Apple Inc. (NASDAQ:AAPL) has taken a lot of flak for the price of the iPhone 5C. It just isn’t the low-price masterpiece everyone was looking for. It doesn’t address the low-end of the smartphone market. And the complaints go on and on. But what if Apple still has plans to launch a truly low-cost handset?
In this week’s report to investors, Bernstein analysts question whether the company is “philosophically opposed to a low-priced phone” or whether everyone got “head-faked.”
Is Apple a luxury brand?
Analysts Toni Sacconaghi, Hr., Jonathan Cofsky and Eric C. Garfunkel say it’s possible Apple Inc. (NASDAQ:AAPL) considers itself to be a luxury brand similar to Porsche and Bentley. This would mean that it is “philosophically opposed” to offering a less expensive handset. They point to evidence that seems to suggest though that Apple does not see it in this way.
For example, CEO Tim Cook has said in the past that the company is “not just for rich people.” Also the company sees the iPhone as more like the iPod than the Mac in terms of selling it. In addition, Apple management has expressed the importance of the Chinese market. As a result, Bernstein analysts believe that the company will end up developing a less expensive iPhone targeted at emerging markets.
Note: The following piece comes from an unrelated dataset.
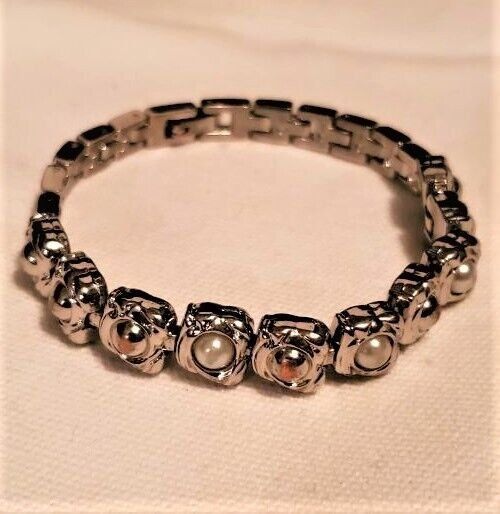 925 Sterling Silver White Pearl Tennis Bracelet 7.5 Inch Women's Jewelry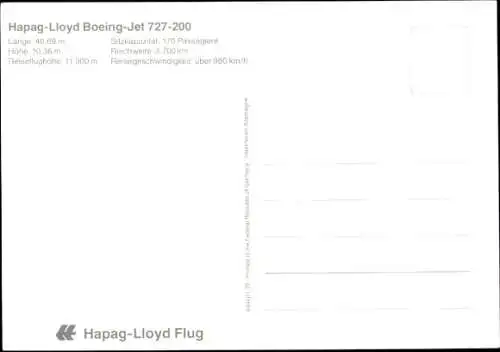 Ak Passagierflugzeug Boeing 727 200 Jet der Hapag Lloyd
They said the fact that Apple hasn’t already done this could mean that the company just can’t develop a low-cost iPhone that it is “proud of.” Another possibility is that it is so focused on gross margin percentage rather than dollars and “is philosophically obdurate about abandoning its luxury positioning in the market.”
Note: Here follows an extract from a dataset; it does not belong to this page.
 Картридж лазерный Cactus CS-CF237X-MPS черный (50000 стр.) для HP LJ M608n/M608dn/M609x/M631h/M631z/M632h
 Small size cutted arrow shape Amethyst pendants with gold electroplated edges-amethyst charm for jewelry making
Was last week just a “head-fake” from Apple?
The analysts also question whether last week’s unveiling was nothing but a “head-fake” for investors. They said perhaps the timing for the low-cost model just wasn’t right and that maybe waiting “several months” would make more sense. This week a new rumor popped up that Apple was planning another big event for Oct. 15, although that event could be focused on new iPads or other products rather than a truly low-cost iPhone.
For example, they suggest that the distribution agreement between Apple Inc. (NASDAQ:AAPL) and China Mobile might not be fully set just yet even though they both probably want to start selling the device before Chinese New Year starts at the end of January. In addition, production capacity is probably going to be more constrained over the next few months, particularly because Apple has added two new handsets instead of the usual one.
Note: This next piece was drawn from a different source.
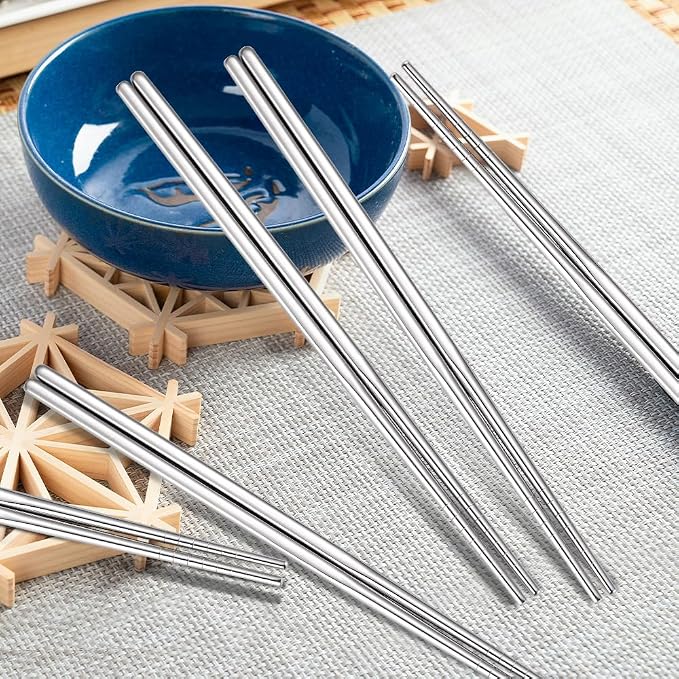 10 Pairs Chopstick Set Stainless Steel 304 Silver Reusable Chop Sticks Lightweight Metal Tableware Square Non-Slip Dishwasher Safe Kitchen Dinning Utensils Gift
Third, launching a lower-priced iPhone later could make the seasonality that’s part of current iPhone product cycles a little bit easier. And finally, putting off the launch of a less expensive iPhone 4C, as they call it, would make it possible for “Apple to skim higher price, higher margin customers” with the more expensive offering.
What low-cost expectations have done to Apple shares
The Bernstein analysts suggest that only two months ago, investors weren’t widely anticipating either a low-cost iPhone or the addition of major carriers. They believe this is why Apple Inc. (NASDAQ:AAPL)’s shares were trading at between $400 and $450 a share. Then as expectations increased before the announcement of the handsets, so did the company’s stock price.
But now both have gone back down, which they said leaves them with “the same investment case” they had two months ago. They believe that investors who buy Apple Inc. (NASDAQ:AAPL) must believe that it can “innovate and create incremental, new market opportunities for itself,” which they still believe the company can do. They continue to rate Apple Inc. (NASDAQ:AAPL) as Outperform with a $600 per share target price.